If your total interest-bearing outstanding on all credit cards and unsecured credit facilities with all Financial Institution (FI) in Singapore exceed the industry-wide borrowing limit for 3 consecutive months, your account will be suspended and you will not be able to:

  • Charge new amounts to your existing credit card(s) and/or use other unsecured credit facilities with all financial institutions;
  • Obtain credit limit increases on your existing credit card(s) and/or other unsecured credit facilities with all financial institutions;
  • Apply new credit cards or other unsecured credit facilities from all financial institutions.

What happens if you exceed your personal loan limits in Singapore?

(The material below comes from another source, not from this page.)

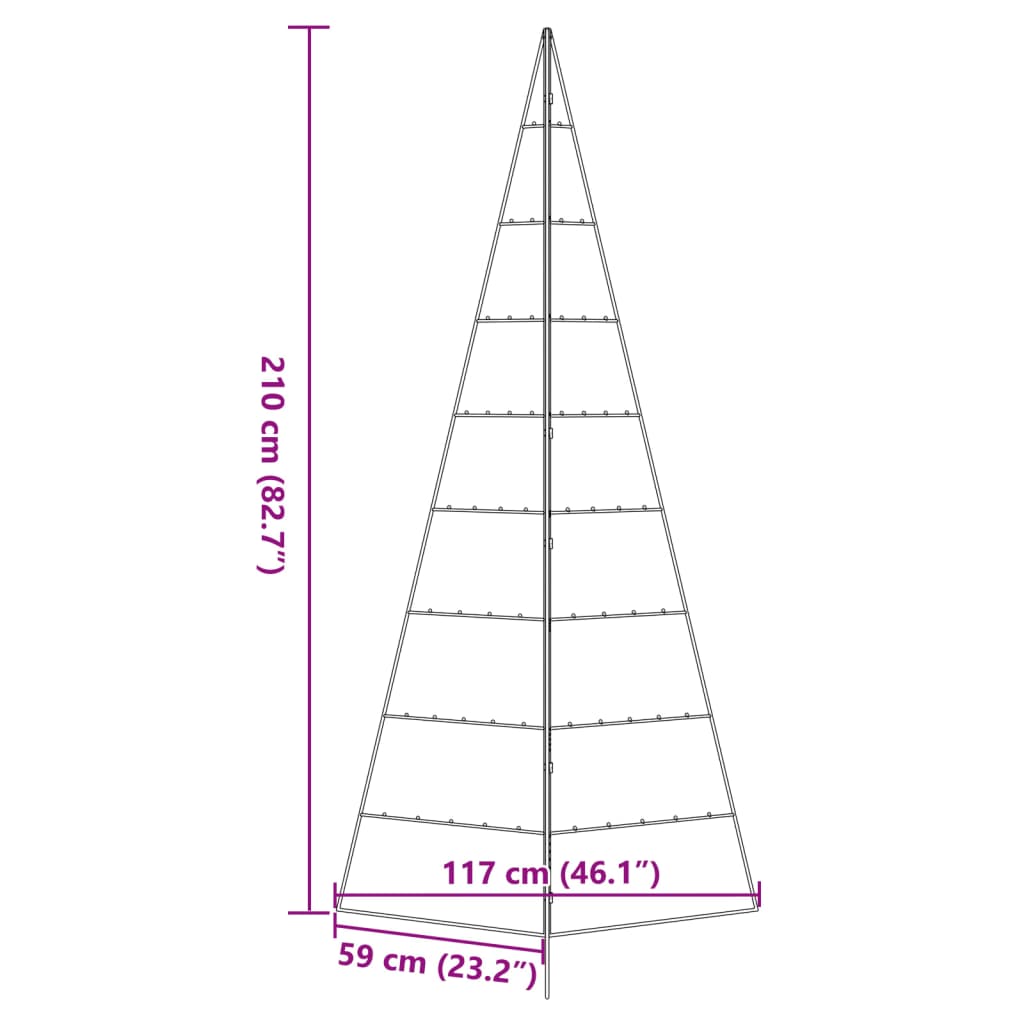 Brad de Crăciun din metal pentru decor, negru, 210 cm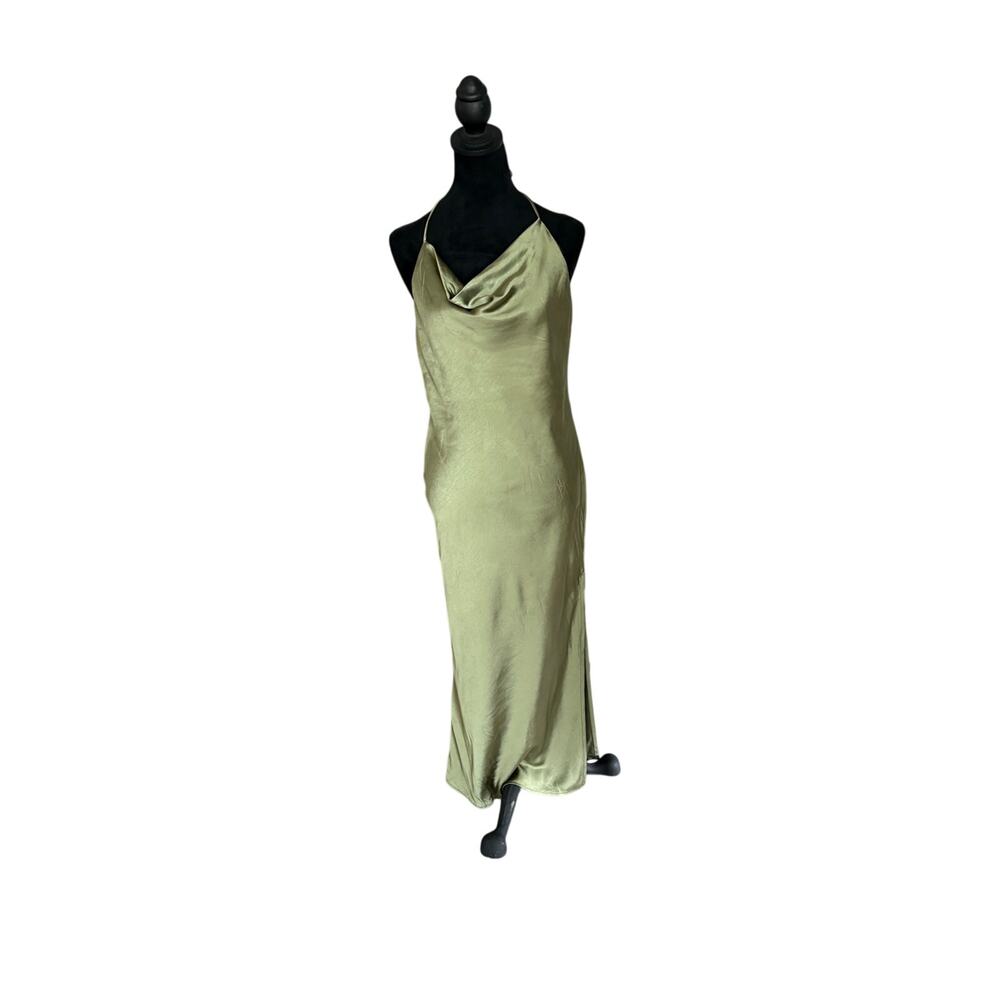 Princess Polly Sage Green Satin Halter Cowl Midi Dress US 8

If your total unsecured debt exceeds the borrowing limit for 3 consecutive months

You cannot:

  • Apply for a new credit card, unsecured facility or increase in credit limit.
  • Use your existing credit card, or draw down on your unsecured facilities.
  • The borrowing limit is 18 times monthly income and will be reduced further to 12 times monthly income from 1 June 2019.

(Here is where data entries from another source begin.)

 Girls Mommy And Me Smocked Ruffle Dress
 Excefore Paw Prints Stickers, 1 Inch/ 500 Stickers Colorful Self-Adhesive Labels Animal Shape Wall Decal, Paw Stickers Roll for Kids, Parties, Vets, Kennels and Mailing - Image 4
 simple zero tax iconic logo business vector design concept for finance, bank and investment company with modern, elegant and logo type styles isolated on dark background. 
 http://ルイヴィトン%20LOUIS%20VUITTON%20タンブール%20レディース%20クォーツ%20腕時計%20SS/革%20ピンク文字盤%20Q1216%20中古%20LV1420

This is to discourage long-term reliance on unsecured credit and reduce the rate of debt accumulation.

What if you are 60 days or more past due on any personal loans in Singapore?

If you are 60 days past due on any credit card or unsecured facility You cannot:

  • Apply for a new credit card, unsecured facility or increase in credit limit.
  • Use your existing credit card, or draw down on your unsecured facilities.

This measure is to prevent debt from snowballing if there are difficulties even repaying the existing debt.

If you have not paid your credit card bill and revolving unsecured credit facilities in full your bank has to make it clear how your debt will accumulate if left unpaid. They will send you a statement with the following information:

  • Total amount and time needed to fully pay off your debts if you only pay the minimum amount each month.
  • The total amount of debt that will accumulate by the end of 6 months if you don't make a payment in the next 6 months.

Several assistance and repayment plans, such as the Debt Consolidation Plan, are available to help these borrowers pay down their existing debts.

When are Credit bureau checks ran in Singapore?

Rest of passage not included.